::: STORED DATA :::

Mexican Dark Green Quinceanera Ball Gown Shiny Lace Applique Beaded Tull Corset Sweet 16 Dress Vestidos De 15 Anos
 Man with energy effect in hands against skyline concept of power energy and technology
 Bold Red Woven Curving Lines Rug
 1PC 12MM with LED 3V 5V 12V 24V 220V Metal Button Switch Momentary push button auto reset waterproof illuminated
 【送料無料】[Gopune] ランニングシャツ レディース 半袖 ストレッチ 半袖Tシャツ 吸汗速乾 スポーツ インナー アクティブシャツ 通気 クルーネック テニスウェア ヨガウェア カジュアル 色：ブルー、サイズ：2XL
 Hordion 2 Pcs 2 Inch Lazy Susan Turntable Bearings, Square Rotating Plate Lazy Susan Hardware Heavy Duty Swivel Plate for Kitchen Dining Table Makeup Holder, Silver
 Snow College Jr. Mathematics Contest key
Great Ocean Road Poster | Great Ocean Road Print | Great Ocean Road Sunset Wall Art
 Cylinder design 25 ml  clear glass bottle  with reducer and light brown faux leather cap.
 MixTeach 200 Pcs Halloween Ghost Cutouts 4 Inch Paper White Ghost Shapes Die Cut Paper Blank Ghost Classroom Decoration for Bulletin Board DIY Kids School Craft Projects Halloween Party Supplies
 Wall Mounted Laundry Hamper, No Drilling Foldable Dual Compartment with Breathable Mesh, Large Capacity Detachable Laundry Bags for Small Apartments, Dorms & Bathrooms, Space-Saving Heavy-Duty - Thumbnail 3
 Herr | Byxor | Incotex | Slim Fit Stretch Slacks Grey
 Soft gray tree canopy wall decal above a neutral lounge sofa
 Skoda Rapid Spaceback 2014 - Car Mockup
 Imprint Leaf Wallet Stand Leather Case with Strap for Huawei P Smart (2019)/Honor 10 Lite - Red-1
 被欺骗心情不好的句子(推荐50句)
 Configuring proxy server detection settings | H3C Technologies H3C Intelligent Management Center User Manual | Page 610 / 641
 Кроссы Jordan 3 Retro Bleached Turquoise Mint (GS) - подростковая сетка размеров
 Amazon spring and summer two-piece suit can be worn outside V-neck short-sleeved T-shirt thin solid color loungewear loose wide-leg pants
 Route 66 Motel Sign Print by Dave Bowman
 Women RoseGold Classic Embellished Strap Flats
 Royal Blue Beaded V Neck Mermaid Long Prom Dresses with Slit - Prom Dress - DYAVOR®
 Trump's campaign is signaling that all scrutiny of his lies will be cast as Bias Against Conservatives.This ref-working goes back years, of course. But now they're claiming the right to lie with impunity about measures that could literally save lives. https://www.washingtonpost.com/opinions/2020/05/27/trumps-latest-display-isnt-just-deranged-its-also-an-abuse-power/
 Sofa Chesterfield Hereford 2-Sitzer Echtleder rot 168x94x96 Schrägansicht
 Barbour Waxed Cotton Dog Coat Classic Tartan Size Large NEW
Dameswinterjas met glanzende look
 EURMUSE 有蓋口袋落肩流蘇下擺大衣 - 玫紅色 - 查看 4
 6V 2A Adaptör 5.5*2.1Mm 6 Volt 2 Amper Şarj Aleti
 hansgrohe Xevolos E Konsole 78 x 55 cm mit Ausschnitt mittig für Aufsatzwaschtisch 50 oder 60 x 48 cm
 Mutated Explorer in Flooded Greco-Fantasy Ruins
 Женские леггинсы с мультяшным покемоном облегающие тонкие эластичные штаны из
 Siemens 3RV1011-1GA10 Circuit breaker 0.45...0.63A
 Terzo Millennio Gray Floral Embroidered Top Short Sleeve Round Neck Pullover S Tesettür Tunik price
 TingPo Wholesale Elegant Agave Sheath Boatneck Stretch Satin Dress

:::

HOW TO COMPLETE THIS TASK -
The response has to contain every record shown above, unaltered and complete.

ANSWER TO THIS PROBLEM -
Mexican Dark Green Quinceanera Ball Gown Shiny Lace Applique Beaded Tull Corset Sweet 16 Dress Vestidos De 15 Anos
 Man with energy effect in hands against skyline concept of power energy and technology
 Bold Red Woven Curving Lines Rug
 1PC 12MM with LED 3V 5V 12V 24V 220V Metal Button Switch Momentary push button auto reset waterproof illuminated
 【送料無料】[Gopune] ランニングシャツ レディース 半袖 ストレッチ 半袖Tシャツ 吸汗速乾 スポーツ インナー アクティブシャツ 通気 クルーネック テニスウェア ヨガウェア カジュアル 色：ブルー、サイズ：2XL
 Hordion 2 Pcs 2 Inch Lazy Susan Turntable Bearings, Square Rotating Plate Lazy Susan Hardware Heavy Duty Swivel Plate for Kitchen Dining Table Makeup Holder, Silver
 Snow College Jr. Mathematics Contest key
Great Ocean Road Poster | Great Ocean Road Print | Great Ocean Road Sunset Wall Art
 Cylinder design 25 ml  clear glass bottle  with reducer and light brown faux leather cap.
 MixTeach 200 Pcs Halloween Ghost Cutouts 4 Inch Paper White Ghost Shapes Die Cut Paper Blank Ghost Classroom Decoration for Bulletin Board DIY Kids School Craft Projects Halloween Party Supplies
 Wall Mounted Laundry Hamper, No Drilling Foldable Dual Compartment with Breathable Mesh, Large Capacity Detachable Laundry Bags for Small Apartments, Dorms & Bathrooms, Space-Saving Heavy-Duty - Thumbnail 3
 Herr | Byxor | Incotex | Slim Fit Stretch Slacks Grey
 Soft gray tree canopy wall decal above a neutral lounge sofa
 Skoda Rapid Spaceback 2014 - Car Mockup
 Imprint Leaf Wallet Stand Leather Case with Strap for Huawei P Smart (2019)/Honor 10 Lite - Red-1
 被欺骗心情不好的句子(推荐50句)
 Configuring proxy server detection settings | H3C Technologies H3C Intelligent Management Center User Manual | Page 610 / 641
 Кроссы Jordan 3 Retro Bleached Turquoise Mint (GS) - подростковая сетка размеров
 Amazon spring and summer two-piece suit can be worn outside V-neck short-sleeved T-shirt thin solid color loungewear loose wide-leg pants
 Route 66 Motel Sign Print by Dave Bowman
 Women RoseGold Classic Embellished Strap Flats
 Royal Blue Beaded V Neck Mermaid Long Prom Dresses with Slit - Prom Dress - DYAVOR®
 Trump's campaign is signaling that all scrutiny of his lies will be cast as Bias Against Conservatives.This ref-working goes back years, of course. But now they're claiming the right to lie with impunity about measures that could literally save lives. https://www.washingtonpost.com/opinions/2020/05/27/trumps-latest-display-isnt-just-deranged-its-also-an-abuse-power/
 Sofa Chesterfield Hereford 2-Sitzer Echtleder rot 168x94x96 Schrägansicht
 Barbour Waxed Cotton Dog Coat Classic Tartan Size Large NEW
Dameswinterjas met glanzende look
 EURMUSE 有蓋口袋落肩流蘇下擺大衣 - 玫紅色 - 查看 4
 6V 2A Adaptör 5.5*2.1Mm 6 Volt 2 Amper Şarj Aleti
 hansgrohe Xevolos E Konsole 78 x 55 cm mit Ausschnitt mittig für Aufsatzwaschtisch 50 oder 60 x 48 cm
 Mutated Explorer in Flooded Greco-Fantasy Ruins
 Женские леггинсы с мультяшным покемоном облегающие тонкие эластичные штаны из
 Siemens 3RV1011-1GA10 Circuit breaker 0.45...0.63A
 Terzo Millennio Gray Floral Embroidered Top Short Sleeve Round Neck Pullover S Tesettür Tunik price
 TingPo Wholesale Elegant Agave Sheath Boatneck Stretch Satin Dress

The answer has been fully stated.